The Brazilian firm has agreed to hire a Sri Lankan cook and a Sri Lankan coordinator to liaise between the workers and employer. Earlier this month, a company representative was in Colombo to personally supervise the selection of skilled and unskilled workers for the project.
Sirisena said that if the partnership works, the government would consider extending the approach to Israel, Cyprus, Italy, and France. "Trying to enforce it in the Middle East is difficult because salaries are not as high as these countries and facilities [there] are poor."
The government has said that it can only do so much about the absence of safeguards in labor-receiving countries. It has also said that the foreign-employment bureau has measures in place to protect Sri Lankan workers' rights abroad, including compulsory registration of outbound workers with the agency, as well as the stipulation of minimum wages in contracts.

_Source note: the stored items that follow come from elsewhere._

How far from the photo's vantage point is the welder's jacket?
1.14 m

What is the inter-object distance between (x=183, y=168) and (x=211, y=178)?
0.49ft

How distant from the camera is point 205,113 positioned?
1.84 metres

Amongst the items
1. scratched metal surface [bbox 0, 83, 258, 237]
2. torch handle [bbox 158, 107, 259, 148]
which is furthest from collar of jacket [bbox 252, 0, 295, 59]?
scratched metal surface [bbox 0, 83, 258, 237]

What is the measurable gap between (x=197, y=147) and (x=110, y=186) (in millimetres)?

Lakshan Dias, chairman of the Colombo-based South Asian Network for Refugees, IDPs (internally displaced people) and Migrants (SANRIM), said migration of workers cannot be stopped, but it is incumbent upon the sending country to protect the rights of its workers.
Dias, a lawyer who worked for many years in a Hong Kong-based migrant support group, said the government should not rely on the number of complaints it receives from workers themselves to help craft its policies. "The complaint process is cumbersome and complicated. I have seen many times where workers at airports have problems and they don't complain."
He cited instances where Sri Lanka workers, many coming from impoverished rural villages, slept inside or near toilets or kitchens or sometimes on top of a deep freezer but did not complain because these facilities were better than what they endured back home.
"Nevertheless these are not acceptable facilities," said Dias. "Only countries like Hong Kong have decent conditions for workers where a separate room for the domestic [worker] is compulsory."
He said some countries, such as Jordan and Kuwait, have improved significantly in terms of worker facilities and conditions. Yet while they have bilateral agreements with Sri Lanka, the "marked improvement in the conditions for workers" is "mainly because protective regulations in these countries have improved on their own".
If the government finds it difficult to ensure that Sri Lankan workers have their rights in other countries, Dias said, it could try to transform welfare societies set up by overseas workers into groups with Sri Lankan government backing that can protect migrant laborers.
"The Philippines offers the best example in such organizations," he said. "At present, these Sri Lankan societies are organizing entertainment events and other welfare, but the government can fund them to turn them into a group that could mediate on behalf of the workers."